NATO exercises testing its newly forged rapid reaction forces were underway Thursday in the Czech Republic and the Netherlands involving some 1,500 troops, an alliance official said.

Some 900 German and 200 Dutch troops have been deployed in drills in the Netherlands with an additional 150 in the Czech Republic, said Captain Marek Marszalek from the Joint Force Command in Naples, Italy.

“They got the task two days ago to move from the barracks to the embarcation point,” he told reporters at the Chrudim airfield some 100 kilometres (60 miles) east of Prague.

Dubbed Noble Jump, the exercises are designed to test NATO’s Very High Readiness Joint Task Force (VJTF), established in the wake of the alliance’s September 2014 summit in Wales, which was focussed on reinforcing the alliance’s eastern flank amid jitters over Russia.

“The key task is to check the new concept of fast deployment within dozens of hours following the command, not dozens of days as before,” Czech Army Major General Jiri Baloun told reporters at Chrudim.

“The scenario is placed in the Baltic states.

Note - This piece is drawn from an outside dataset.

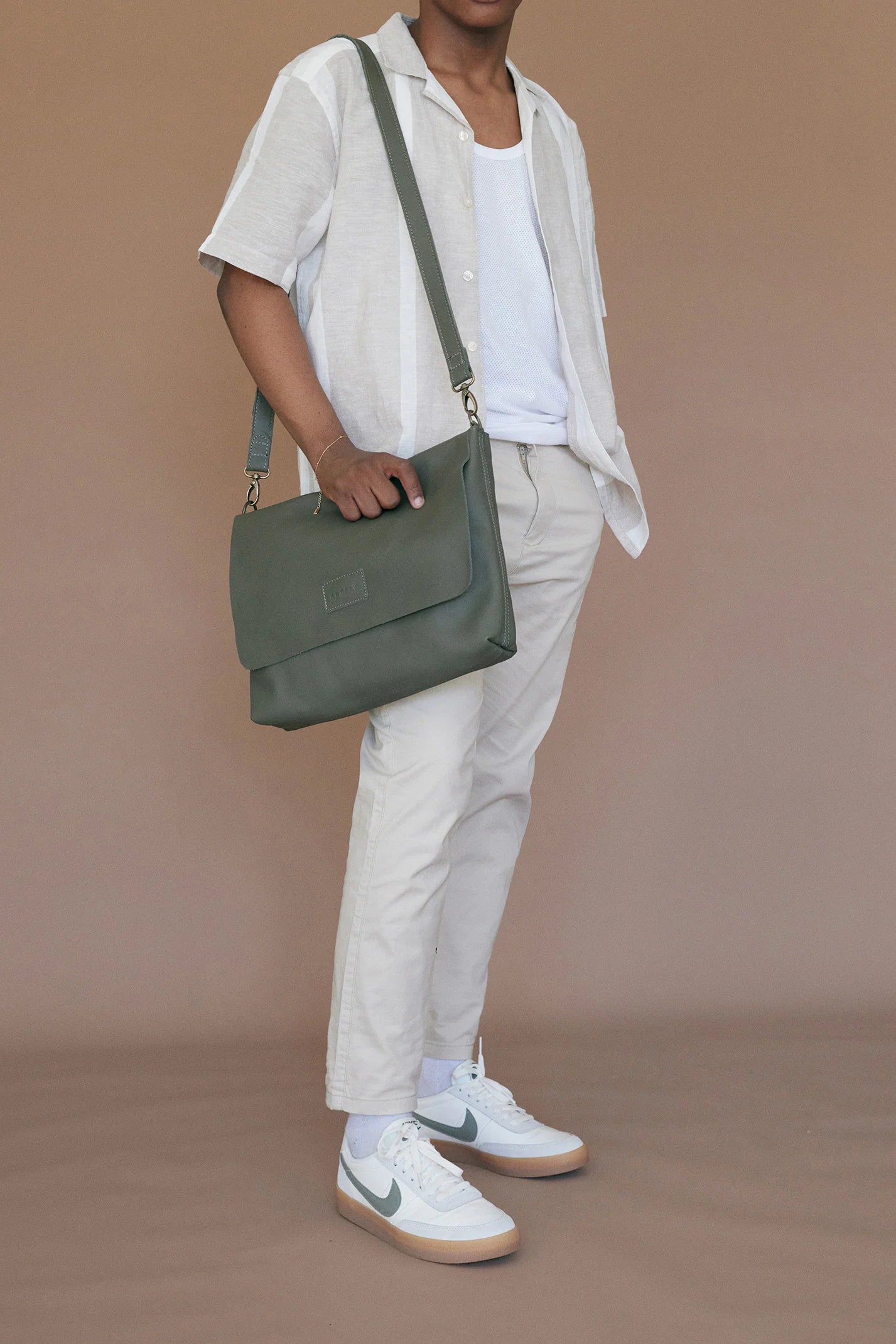 Riley 13" Minimalist Leather Laptop Sling in Khaki Green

You can imagine the context yourselves,” Baloun said.

Russia’s 2014 annexation of Crimea and its meddling in eastern Ukraine have triggered concern in ex-communist eastern and central European states that joined NATO after the Cold War.

Tension is particularly high in the Baltic states, which emerged from nearly five decades of Soviet occupation in the early 1990s.

Another Noble Jump drill focussed on rapid troop deployment is planned for June in Poland.

Some 25,000 NATO troops will be deployed in Italy, Portugal and Spain for another VJTF drill in October and November, said Marszalek.